Coming To Terms With Co-Parenting
“I never expected when I had my son I would have to learn to co-parent but then I did. It was right in front of us. We were staring at it head-on, whether it was what we wanted or not. I knew from the beginning we had two choices: remain bitter and hateful and face 18 years of hard times, or choose to work towards forgiveness and learn to work together for the happiness of our son.
My son’s dad, Nate, and I split up just days before his first birthday. We went from being two young, college-aged kids with a baby to two young college-aged kids with a baby, lots of heartbreak, and the huge task of learning to co-parent. The details of our separation are not details we choose to share, but it wasn’t a decision we came to easily. At just 19 and 21 years old, we tried in all the ways we knew how to ‘make things work’ for our son. Ultimately, we realized the best way to make things work for him was to be separate. He deserved two happy parents, even if that meant we would not be living under the same roof anymore.
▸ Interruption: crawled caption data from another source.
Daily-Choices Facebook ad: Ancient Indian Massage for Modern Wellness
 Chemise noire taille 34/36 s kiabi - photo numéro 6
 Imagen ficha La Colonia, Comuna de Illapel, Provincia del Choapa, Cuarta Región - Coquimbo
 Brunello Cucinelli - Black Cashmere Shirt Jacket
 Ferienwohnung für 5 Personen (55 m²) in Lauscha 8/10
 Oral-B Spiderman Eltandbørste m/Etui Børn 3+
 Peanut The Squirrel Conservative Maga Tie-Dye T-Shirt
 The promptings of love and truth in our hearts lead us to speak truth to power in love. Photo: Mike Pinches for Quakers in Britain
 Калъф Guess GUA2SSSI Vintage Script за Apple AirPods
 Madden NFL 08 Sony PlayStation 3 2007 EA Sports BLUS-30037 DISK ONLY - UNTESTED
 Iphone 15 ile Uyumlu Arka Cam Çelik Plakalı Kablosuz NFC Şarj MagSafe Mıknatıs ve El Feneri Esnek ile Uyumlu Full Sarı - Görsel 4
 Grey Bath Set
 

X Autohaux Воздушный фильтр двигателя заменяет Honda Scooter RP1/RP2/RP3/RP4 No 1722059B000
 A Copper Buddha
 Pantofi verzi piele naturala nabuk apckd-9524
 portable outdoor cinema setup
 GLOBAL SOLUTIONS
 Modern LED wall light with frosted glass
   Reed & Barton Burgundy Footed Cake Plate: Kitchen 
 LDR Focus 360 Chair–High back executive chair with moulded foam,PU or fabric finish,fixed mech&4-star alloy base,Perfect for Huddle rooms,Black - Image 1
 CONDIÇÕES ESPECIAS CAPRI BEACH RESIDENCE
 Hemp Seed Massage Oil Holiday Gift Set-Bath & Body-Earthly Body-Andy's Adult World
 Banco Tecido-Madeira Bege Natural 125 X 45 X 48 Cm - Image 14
No matter how respectfully we came to the decision, it was absolutely gut-wrenching. The ultimate lows of co-parenting came right at the beginning for me. I felt like such a failure. All I could focus on was everything he would miss out on by growing up with separated parents: split holidays, his belongings being divided by two homes, no family vacations, no family dinners, etc. I was devastated at the thought of being just another statistic. Just another set of young parents who could not make it work for the sake of their child.
After realizing we both had the same fears, we had a discussion about what was important to both of us going forward and decided we were both determined to beat the statistic we were so afraid of becoming. We could still be great parents together, even though we were no longer in a domestic partnership. Neither of us wanted to miss out on Carter, and neither of us wanted Carter to miss out on anything because of our decision. We were still raising our child together. He was not property to fight over. He was not more ‘mine’ than he was his dad’s. He was a little boy, who deserved the world, and we would both still do whatever we needed to provide that for him.
Learning To Co-Parent
The foundation of our co-parenting journey was built with one thing: respect. I would always be Carter’s mother, and Nate would always be Carter’s father. To ensure we were both an equal part of his life, we knew we needed to always keep lines of communication open. This meant being open to discussing any decision we made regarding our son. Whether it be about what daycare he would attend or how we should deal with a new behavior he was having, which health insurance policy was best for him or if we were okay with him having a playdate with someone from school.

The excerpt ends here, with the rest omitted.